Aim of the exercise
Would you repeat the listing below exactly, with no pictures in it?

Provided data

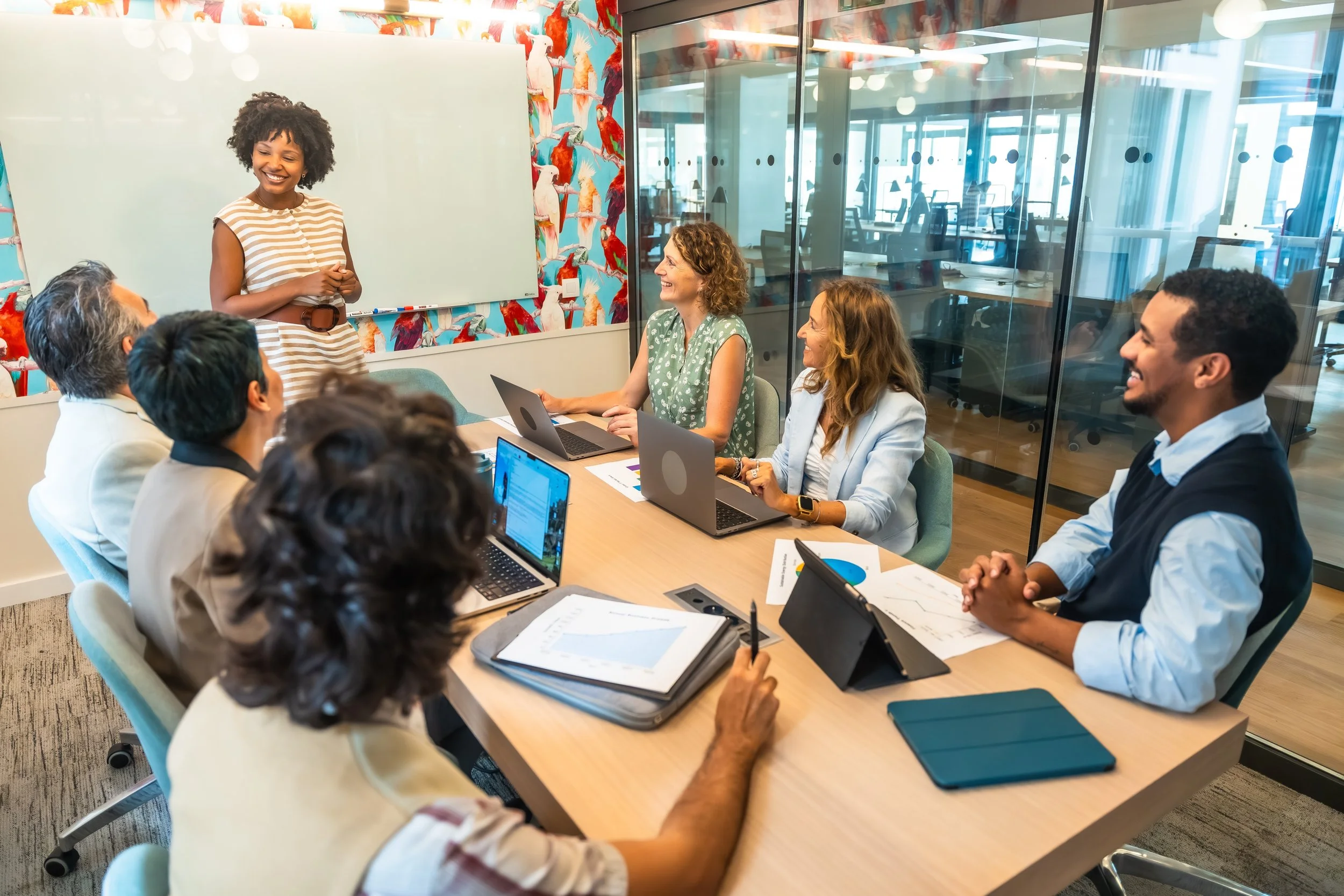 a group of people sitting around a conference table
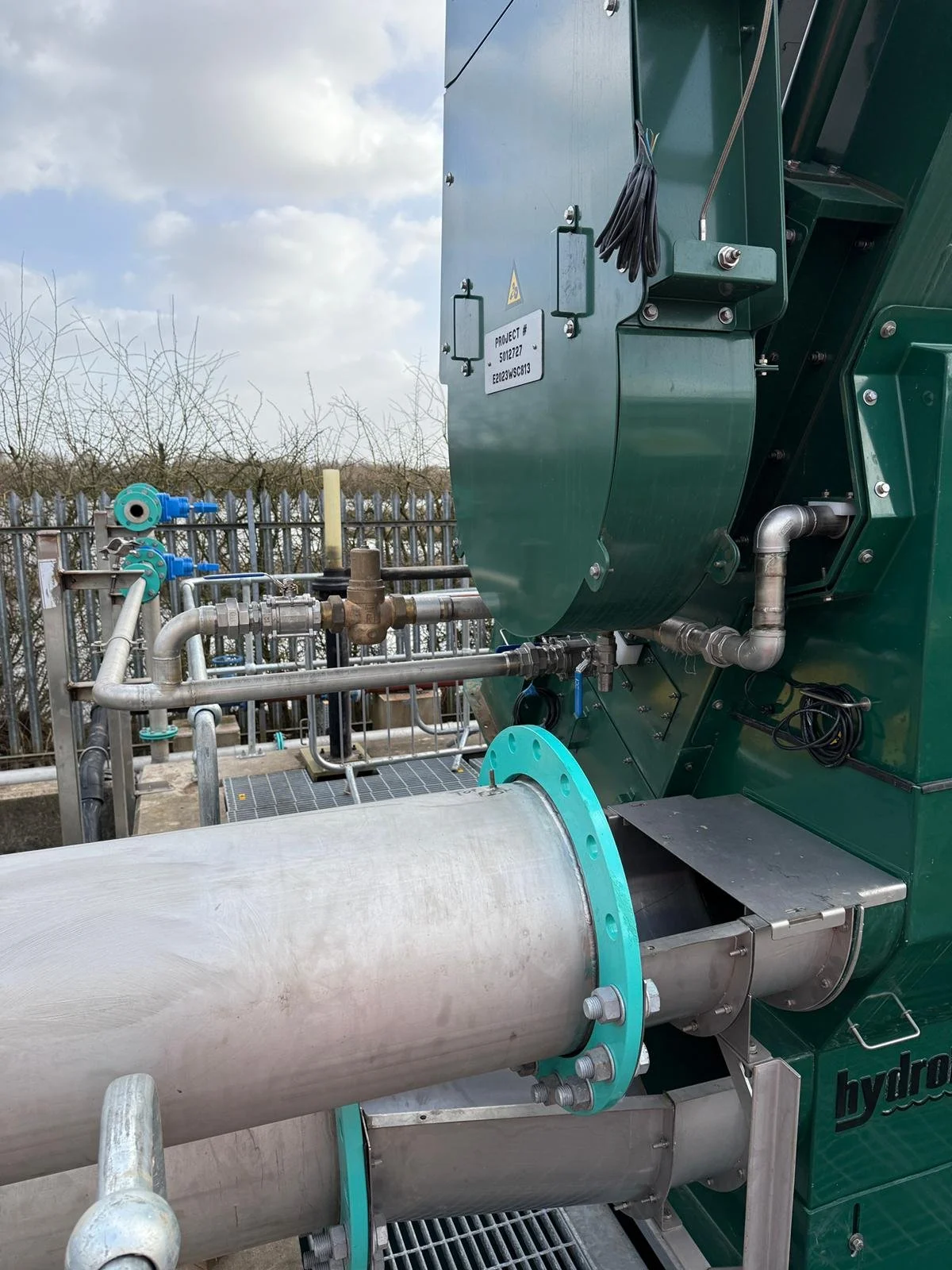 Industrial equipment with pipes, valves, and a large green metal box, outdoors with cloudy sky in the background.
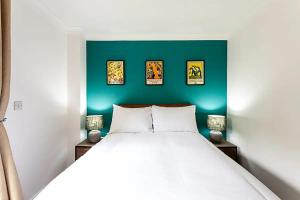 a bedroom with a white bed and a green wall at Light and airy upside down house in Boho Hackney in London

Response to the task
 a group of people sitting around a conference table
 Industrial equipment with pipes, valves, and a large green metal box, outdoors with cloudy sky in the background.
 a bedroom with a white bed and a green wall at Light and airy upside down house in Boho Hackney in London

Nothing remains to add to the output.